The second part tells of her adventures in Australia after the war and contrasts a quite businesslike description of the power of capitalism to build an outback village into a town with a somewhat sedate (by today's standards) love story. 

 The first part is compelling reading. The second part one tolerates because one wants to know what happened. The story is told by a quaint English solicitor who becomes trustee for the young woman. He is clearly a man of his time (I suspect he would have been old-fashioned even then) and this narration device is cute but lends the whole book a slightly musty air. 

 The author's style is very matter of fact. I believe Shute was an aeronautical engineer (who worked on the R100 with Barnes Wallis; he was English by birth but emigrated to Australia after the second world war) although he sounds like a journalist. He has a very direct, simple style and the plot is clear; there are no complicated literary mannerisms to get in the way. 

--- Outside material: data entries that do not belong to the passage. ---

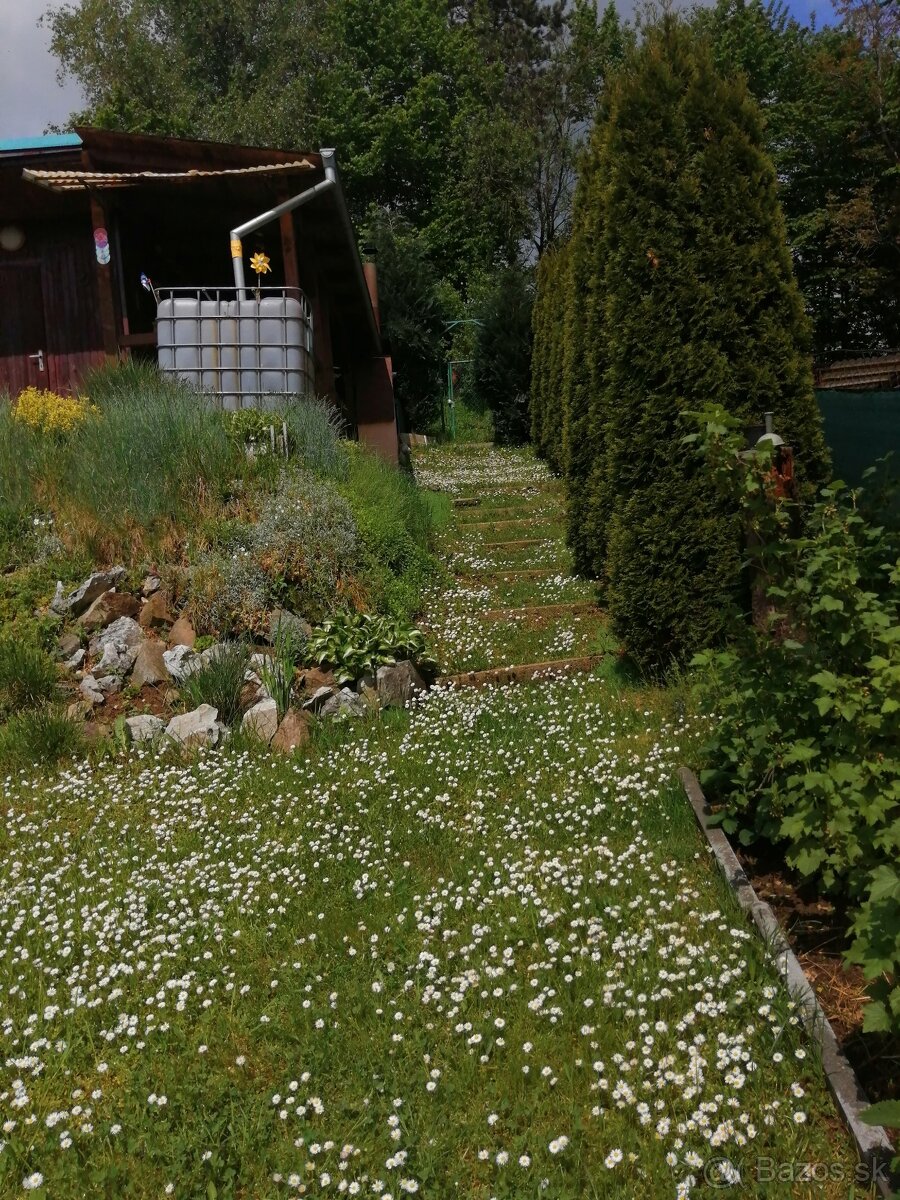 Udržiavaná záhrada s chatkou nad Bagroviskom – 448 m² - 6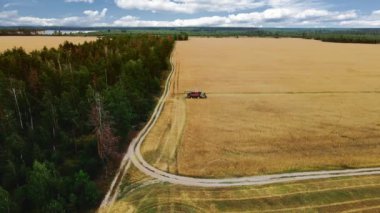 Buğday hasadının 4K hava görüntüsü. İnsansız hava aracı, altın buğday tarlasında buğday hasat ediyor.
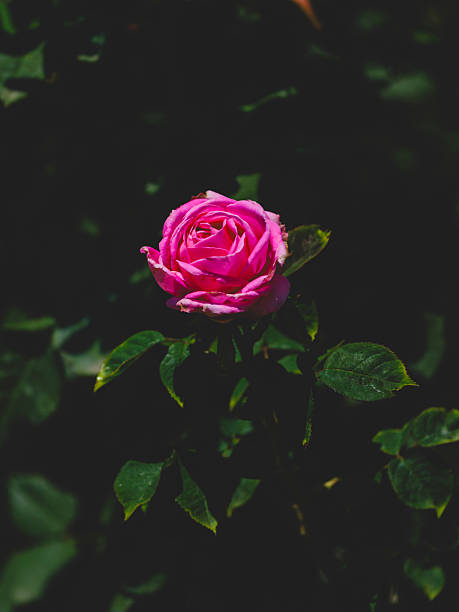 istock pink rose in the nature 2217296865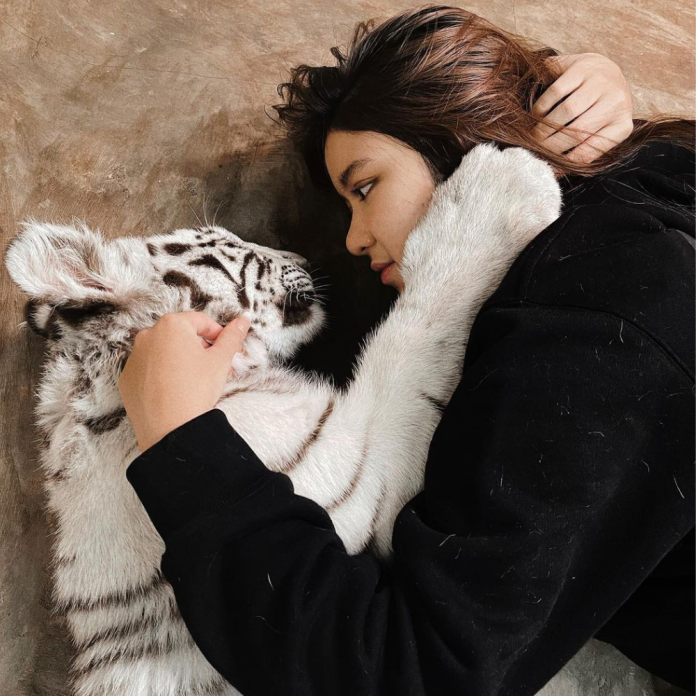 Punya Peliharaan Bayi Harimau Putih, Pacar Tiara Andini Dikritik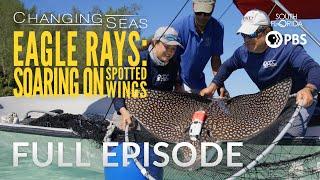 Eagle Rays: Soaring on Spotted Wings - Full Episode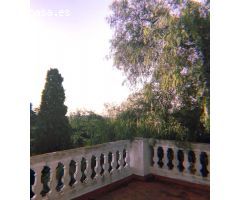 INTERESANTE MASIA CON PRODUCCION DE NARANJOS ACTIVA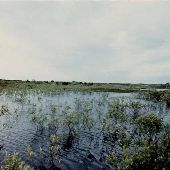 Coos Bay Swampy Beach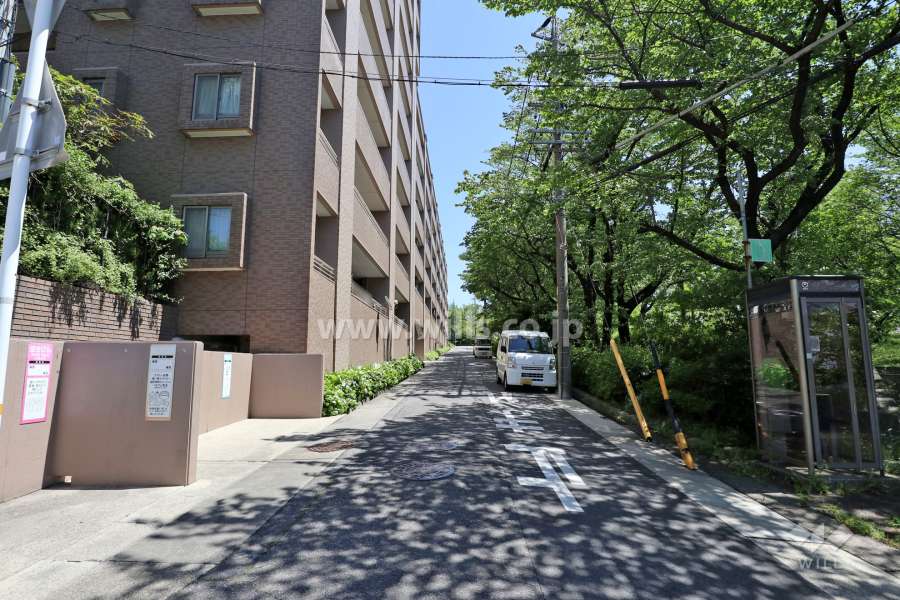 敷地南西側の前面道路。城土公園に面しています。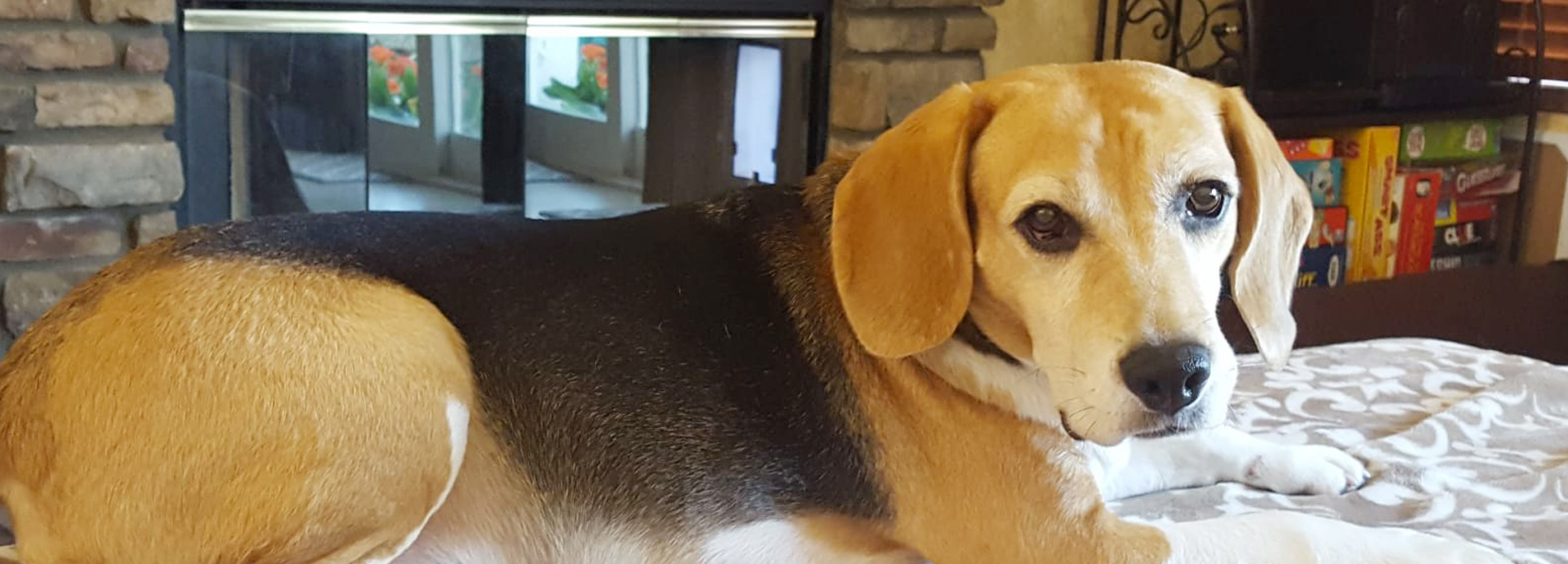 Donny Finds a Forever Home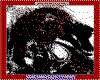 IMG019.GIF.cst.iff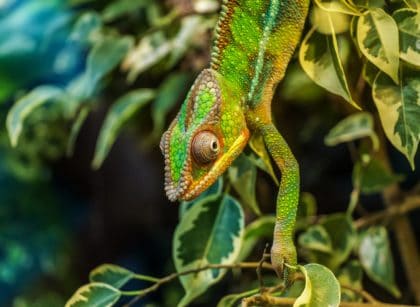 Plants for a Chameleon Cage - Chameleon Safe Plants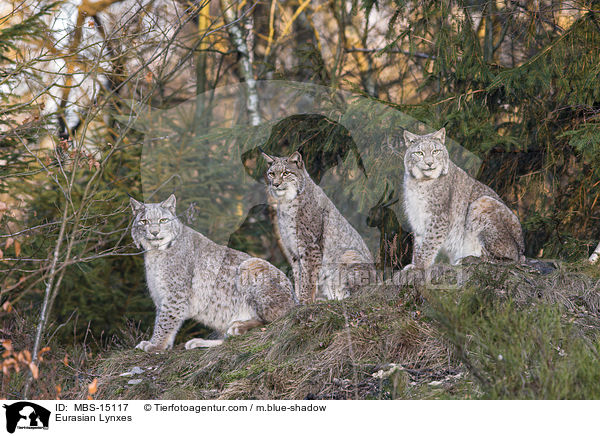 Eurasian Lynxes / MBS-15117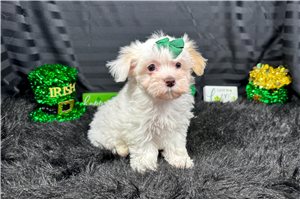 Dove - puppy for sale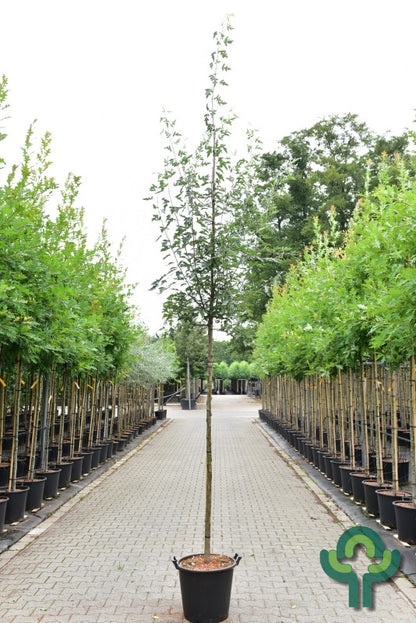 Malus toringoides 'Mandarin'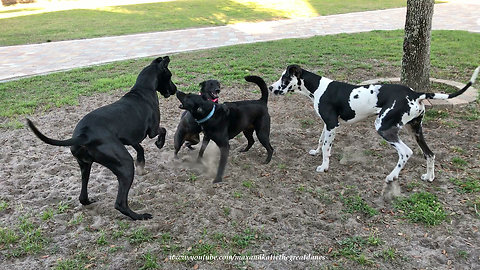 Great Dane and Puppy Have Fun Kicking up Dirt with Dog Friends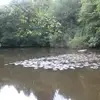 Susan Dunkel - @susan.dunkel - TikTok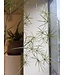 NU PUUR & GROEN DOMANI pot "Graz" natural white / inclusief Schefflera planten van Silk-Ka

 It is clearly of its time. It is casually racist. There is a clear distinction between the white mems in Malaya and the native women, although here he clearly has sympathies with the natives; the white women who survive do so because they adopt the native way of life. There are references to Negroes and Abos; an aboriginal woman is described as a lubra and is clearly no fit mate for a white man; it is important to the Australian farmers that they have white cowboys because the abos can't be trusted. The most shocking event to my mind was the fact that the forward thinking businesswoman who set up the ice cream parlour deliberately created two counters, one for whites and one for "boongs" because "I don't think you could serve them [the boongs] in an ice-cream parlour, with a white girl behind the counter." 

 It is also slightly funny in its depiction of Australian speech with the swear words changed to "mugger" or "mucking" and the frequent use of (one suspects bowdlerised) phrases such as "oh my word". Finally, although it gets quite risque when she gets half-naked in front of him, they wait until they are married! 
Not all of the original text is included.